[Supplied information]

--------------------------------

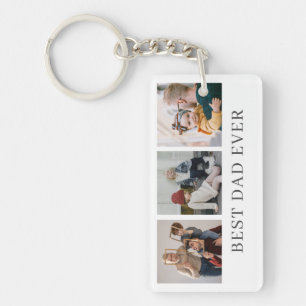 Best Dad Ever Acrylic Keychain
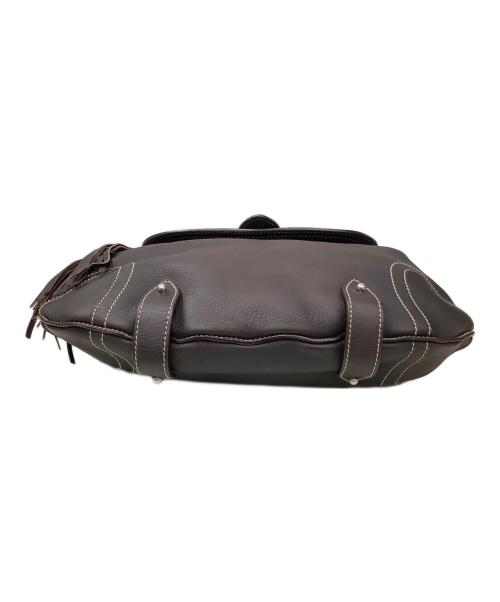 BALLY（バリー）BALLY (バリー) ハンドバッグ ブラックの古着・服飾アイテム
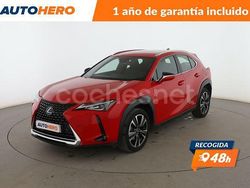 Rojo Usado 2022 Lexus UX SUV | 27.099 € (Precio justo)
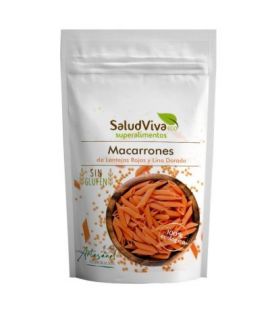 Red Lentil and Golden Flax Eco Macaroni 250g Salud Viva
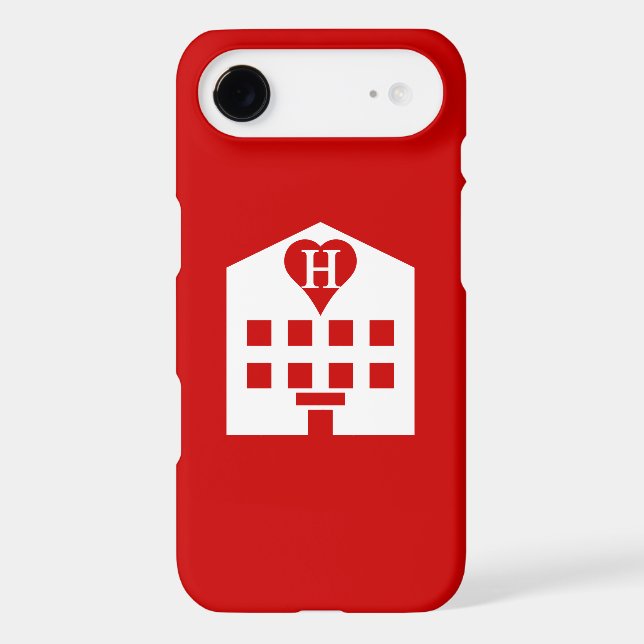Love Hotel Japanese Emoji Case-Mate iPhone Case (Back)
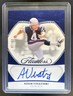 2025 Panini Flawless Adam Vinatieri All-Pro Ink Auto Sapphire #/10 Patriots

--------------------------------

[Your objective] Leave the images out and transcribe the rest of the material exactly.

[Expected answer]
 Best Dad Ever Acrylic Keychain
 BALLY（バリー）BALLY (バリー) ハンドバッグ ブラックの古着・服飾アイテム
 Rojo Usado 2022 Lexus UX SUV | 27.099 € (Precio justo)
 Red Lentil and Golden Flax Eco Macaroni 250g Salud Viva
Love Hotel Japanese Emoji Case-Mate iPhone Case (Back)
 2025 Panini Flawless Adam Vinatieri All-Pro Ink Auto Sapphire #/10 Patriots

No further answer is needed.